- Naseerullah Khan Babar (1928–2011)

28th Minister for Interior
- In office 21 October 1993 – 5 November 1996
- President: Farooq Leghari
- Prime Minister: Benazir Bhutto
- Preceded by: Fateh Khan Bandial
- Succeeded by: Omar Khan Afridi

Special Advisor on Internal Affairs
- In office 2 December 1988 – 6 August 1990
- President: Ghulam Ishaq Khan
- Prime Minister: Benazir Bhutto

12th Governor of Khyber Pakhtunkhwa Province
- In office 1 March 1975 – 6 July 1977
- President: Fazal Ilahi Chaudhry
- Preceded by: Syed Ghawas
- Succeeded by: Abdul Hakeem Khan

Personal details
- Born: 1928 Pirpiai, North West Frontier Province, British India
- Died: 10 January 2011 (aged 82–83) Peshawar, Khyber Pakhtunkhwa Province
- Resting place: Pirpiai, Khyber Pakhtunkhwa Province, Pakistan
- Party: Pakistan Peoples Party
- Relatives: Maria Babar (daughter, adopted)
- Education: Presentation Convent School, Peshawar Pakistan Military Academy, Dehra Dun, Burn Hall
- Occupation: Military administrator
- Profession: Politician
- Cabinet: Zulfikar Bhutto Government Benazir Bhutto Government
- Awards: Sitara-e-Jurat (1971) Hilal-i-Jur'at (1973)

Military service
- Allegiance: Pakistan
- Branch/service: Pakistan Army
- Years of service: 1948–1974
- Rank: Major General
- Unit: Pakistan Army Artillery Corps
- Commands: 23 Division, Jehlum IG Frontier Corps DG Military Intelligence
- Battles/wars: Indo-Pakistani War of 1947 Indo-Pakistani War of 1965 Indo-Pakistani War of 1971

= Naseerullah Babar =

Pakistani politician and former Army General

Naseerullah Khan Babar (Urdu: نصیر اللہ خان بابر; born 1928 – 10 January 2011) was a Pakistani army officer, diplomat, and politician who served as the 28th Interior Minister of Pakistan from 1993 to 1996. A member of the Pakistan Peoples Party, he also served as the 12th Governor of Khyber Pakhtunkhwa Province between 1975 and 1977. He was a retired 2-star general officer in the Pakistan Army, and later career military officer-turned-statesman.
During 1974, Babar was tasked to fund and train Tajik rebels, by the order of Prime Minister Zulfiqar Ali Bhutto, to stage uprising against the government of Sardar Mohammed Daoud Khan. The operation was a huge success for Pakistan as Daoud Khan was forced to change his way and end his support to Anti-Pakistani militants. Babar then proceeded to retire from the army to start his career in politics. He became Governor of the Khyber-Pakhtunkhwa from 1975 to 1977 under Zulfiqar Ali Bhutto's government until the term was cut short due to Operation Fair Play— a clandestine operation undertaken to remove Bhutto. In 1988, Babar served as the Special Advisor on Internal Affairs in Benazir Bhutto's first government. Between 1993 and 1996, he tenured as the Interior Minister during Benazir Bhutto's second government where he supervised and successfully contended Operation Blue Fox.

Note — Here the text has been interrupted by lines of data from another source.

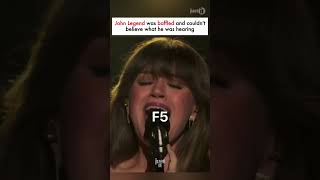 Kelly Clarkson and Ariana Grenade hit 3 notes at once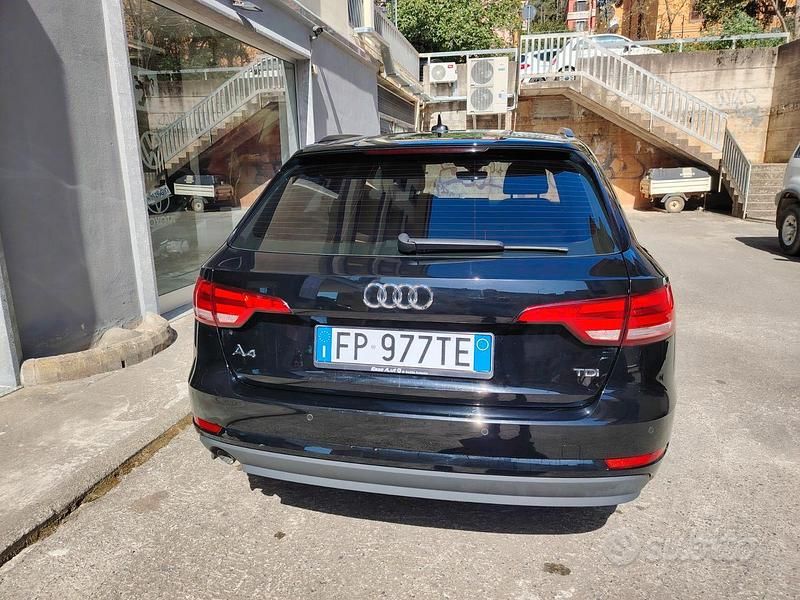 Usata Audi A4 Design 122 CV (89 kW) 2018 Nero Station wagon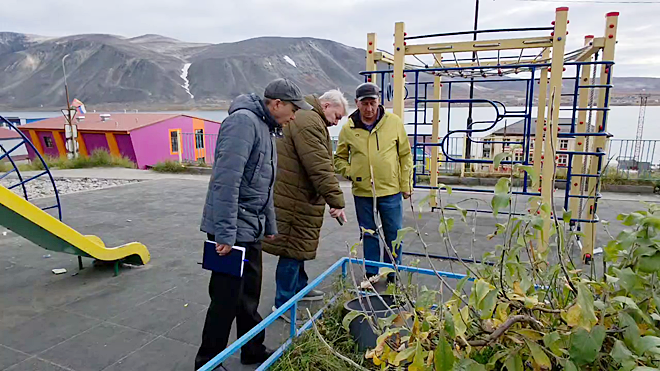 Евгений Подлесный (в центре), Виктор Тюркин и Роман Бутурлакин оценивают состояние детских площадок посёлка Провидения. ФОТО: T.ME/EVGENIY_PODLESNYY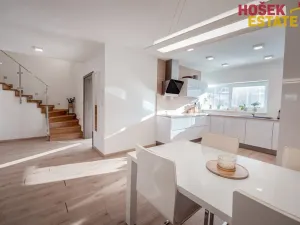 Prodej rodinného domu, Ochoz u Brna, Pod Skalkou, 156 m2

Babar is also credited with successfully curbing targeted killings and criminal activities in Karachi in the 1990s. He took the charge of Sindh police and effectively dealt with criminal activities, which were at that time rampant in Karachi, by 1996.

Babar was a collector of antique art and Buddha statues. Before Aziz Deri was declared archeological site in 1996, among others, Naseerullah Babar purchased several artifacts and statues from the area over the years. He kept them at his Peshawar Town residence which were later donated to the state after his death.

== Early life and education ==
Babar was born in 1928 in Pirpiai near Pabbi, Nowshera district, North West Frontier Province, British India. His family is from the Babar tribe of Pakhtuns and hails from the village of Pirpiai in district Nowshera.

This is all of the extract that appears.